Surrounded by knives, guns, and a firm statement of "self defense," those tokens of historic terrorism take on a decidedly contemporary feeling. With the Trayvon Martin case still weighing heavily on my mind and the stories of all the times the same "stand your ground" defense has not been working for shooters of color, the meaning is disturbing.

The attendance at this event is almost entirely white. There are a handful of people of color scattered amongst the crowds, and my husband and daughter are among them. The casual acceptance of KKK buttons and slave shackles, though, does cast some pretty deep boundaries. How are people of color supposed to feel welcome in this environment? 

An Urban Perspective

I've been re-reading the words I just wrote and putting myself into the shoes of my potential readers. 

I know that I will have several very progressive (and likely urban) friends who will read the description of what was in those booths with horror. How, some of them might wonder, can I even think of bringing my family to such a backwards place? 

At the same time, some of my friends from this small town will be reading with horror as well. How, they are probably thinking, can you misrepresent us so badly? We don't even know the man who sold those things (they likely travel around the country to these different events) and the festival is about so much more than that. We're not racist, and we love your family. 

My response is somewhere in the center of these two reactions. I know that most of the people at this event harbor no ill will toward my family, and many of them I personally know and love. Getting the chance to see them, share the day with them, fellowship in this idyllic place carved out of the land is a beautiful thing. But those images sear into my mind. There's a very real chance that the people selling those things would hurt my family if they could, and the presence of these tokens seems like a banner designed to remind us of that. 

Underpinning all of this is the fact that we left the festival in the early afternoon and returned to our home in the city. There was another festival going on a few miles from our house. Several blocks of the city streets were closed for a dance festival. After many professional displays of dancing from a plethora of cultures, age groups, and styles, we were all invited to dance together. 

Filling the stage at the front and the streets around us were young and old faces of many colors smiling and laughing together (sure, they played "Blurred Lines" twice, so it wasn't exactly a perfect sea of human equality). There were booths set up along the streets selling handmade crafts and local restaurants' food. I tried to imagine, for a minute, what would happen if the man selling the KKK buttons had tried to set up shop here. I don't suspect he would have felt very welcome. 

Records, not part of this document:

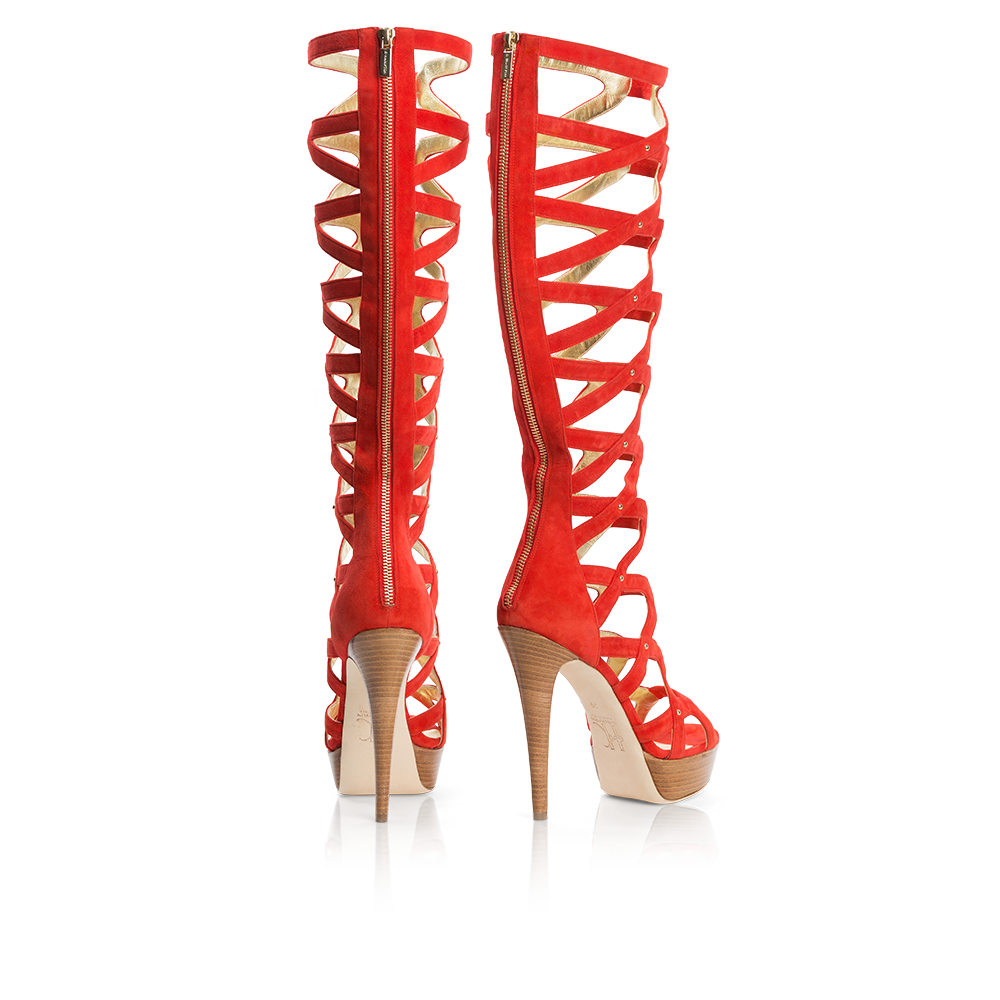 Courage stiletto featuring crimson suede, stud details, and a gold zipper, set on a wood veneer platform.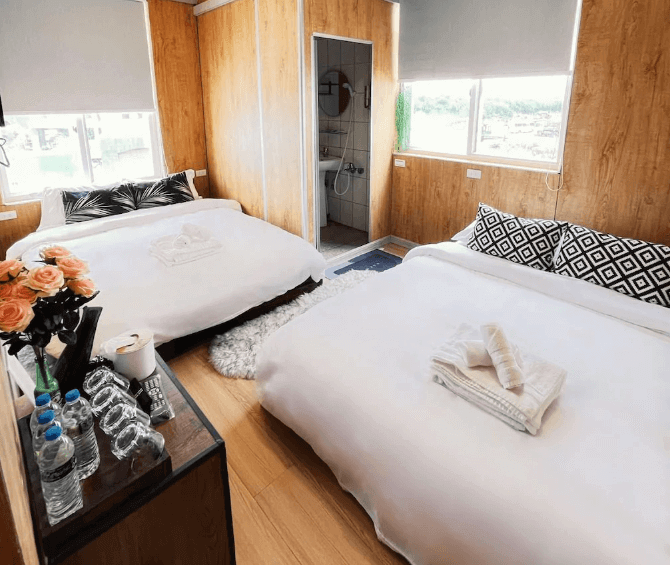 【綠島住宿】20ft 海閣的四人房，木質牆面搭配兩張大床，設有大片窗戶與自然採光，附設乾濕分離衛浴，床上擺放整齊毛巾與抱枕，整體溫馨舒適。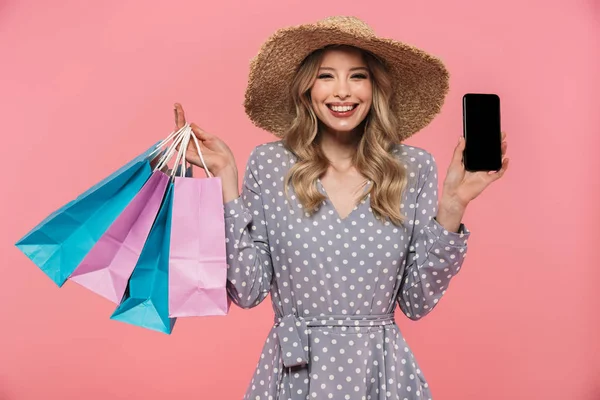 Increíble joven posando aislada sobre fondo de pared rosa sosteniendo bolsas de compras y mostrando la pantalla del teléfono móvil . —  Fotos de Stock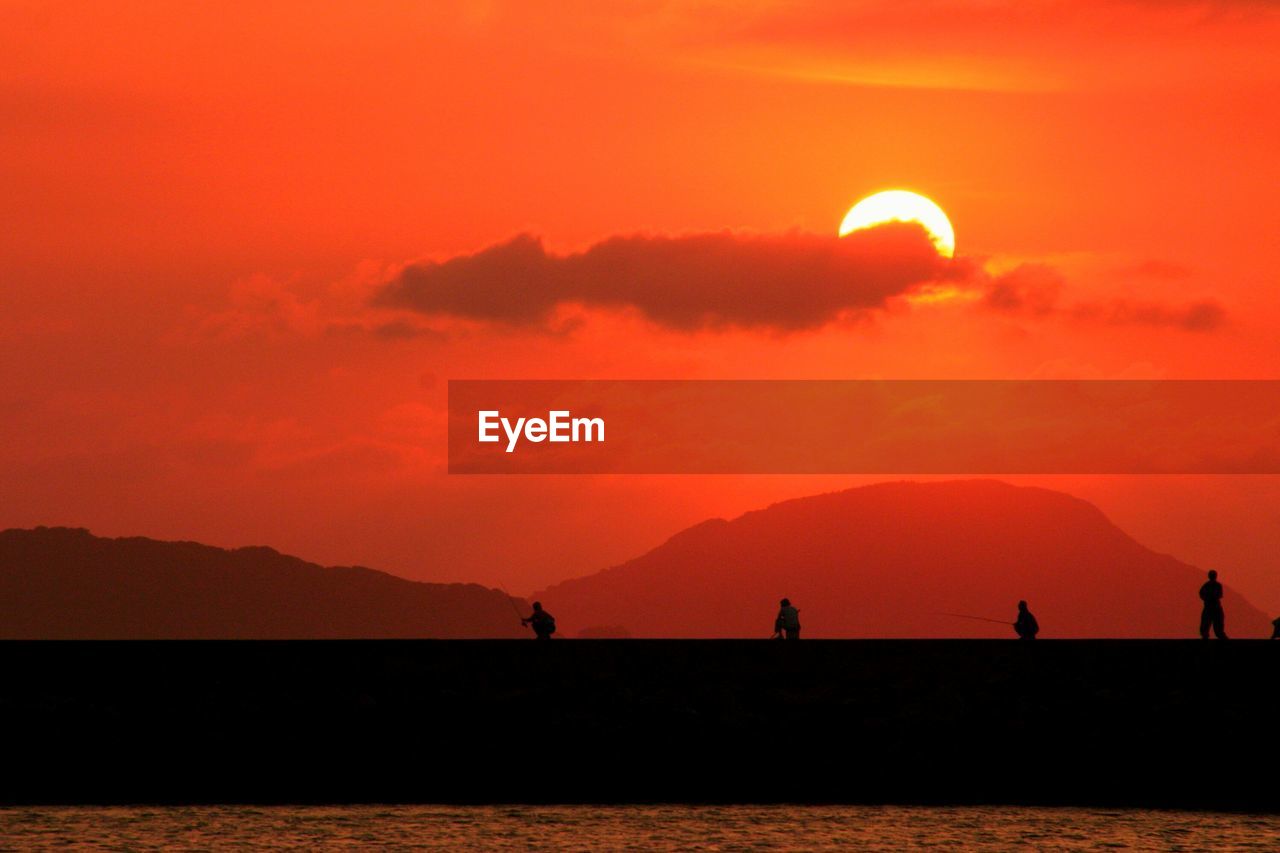 Scenic view of sea at sunset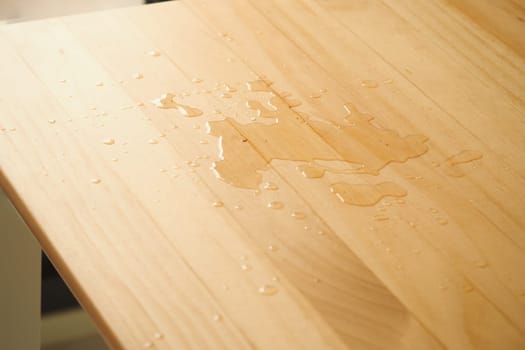 Water spilled on a wooden table surface in natural light.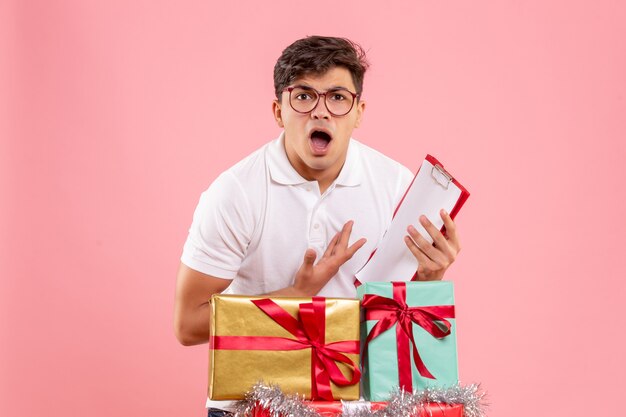 Vista frontal del joven alrededor de regalos de Navidad con nota de archivo confundida en la pared rosa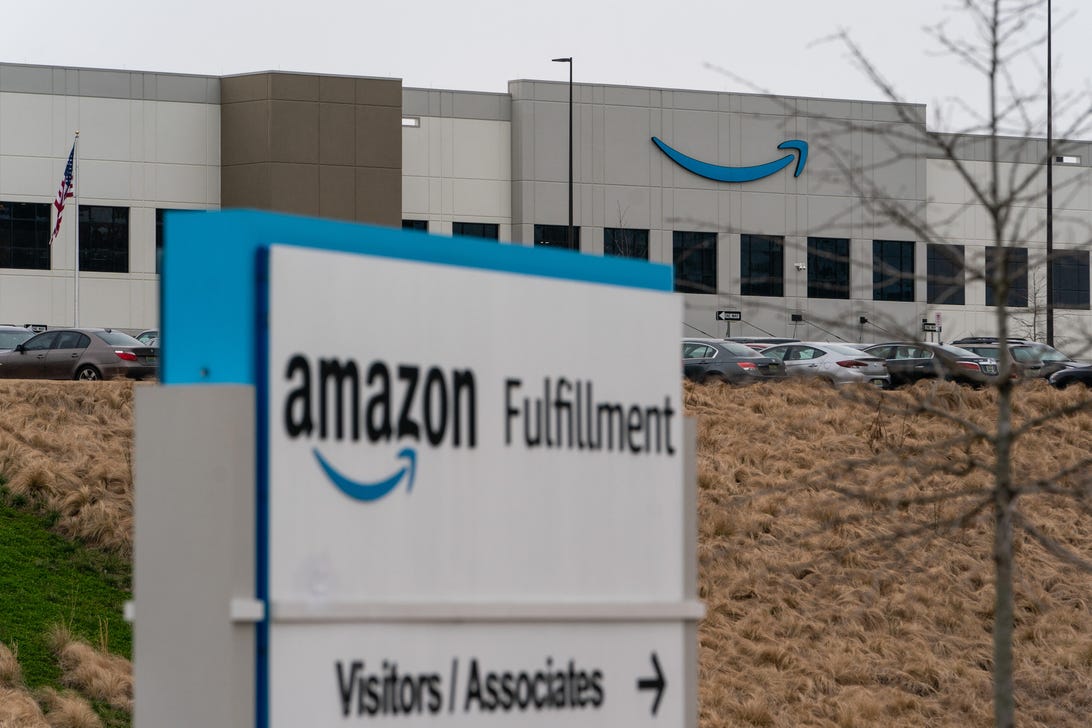 A sign says "Amazon Fulfillment" outside a warehouse with the Amazon Smile logo on it.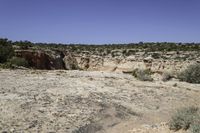 there is a big rocky area with mountains and desert vegetation on it and people on the edge of the valley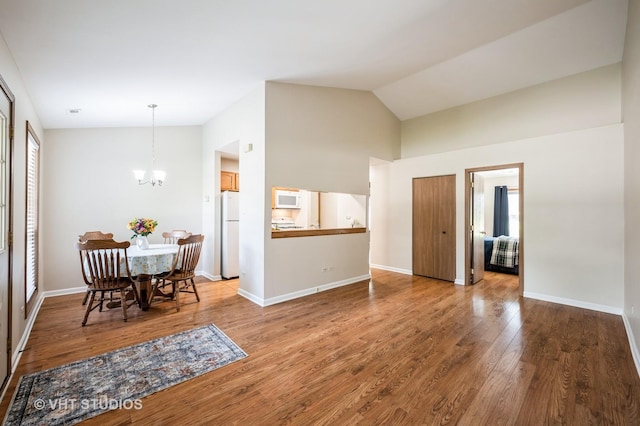 5145 Pembrook Ct, Gurnee, IL 60031 - dining area with a chandelier, wood finished floors, and high vaulted ceiling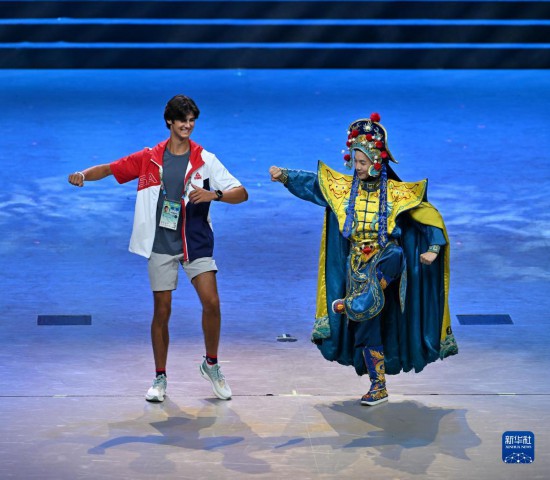 7月29日，美国运动员杜恩（左）在联欢会现场与川剧演员互动。新华社记者 蔡湘鑫 摄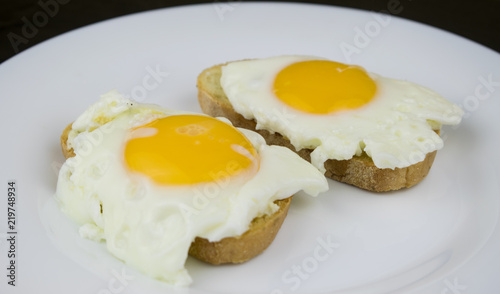 Two sandwiches with egg on a white plate.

And he shouldn't. He shouldn't feel welcome as the profiter of hate. At the end of the day, I want to be among people who stand up against that display, and that is why I can't ever imagine taking my family to live out of the city. 

While my country family often worries aloud for my safety as they watch the images of urban violence fill the news, I can't figure out how to get across to them the fact that the real fears for the safety of my family that keep me up at night rest not in the shadowed city alley mugger but in the sly smile of an overall-clad flea market booth proprietor.

Update: After I wrote this, I sent a message to the association that organizes the event to voice my dismay at seeing these things. They responded that they do police what they sell, but that these sneaked past them and promised to fix it for future events. Of course, this doesn't change the fact that someone is profiting off of these pieces of terror, but it does mean that it won't have to be such a terrible reflection on my hometown and this quaint festival.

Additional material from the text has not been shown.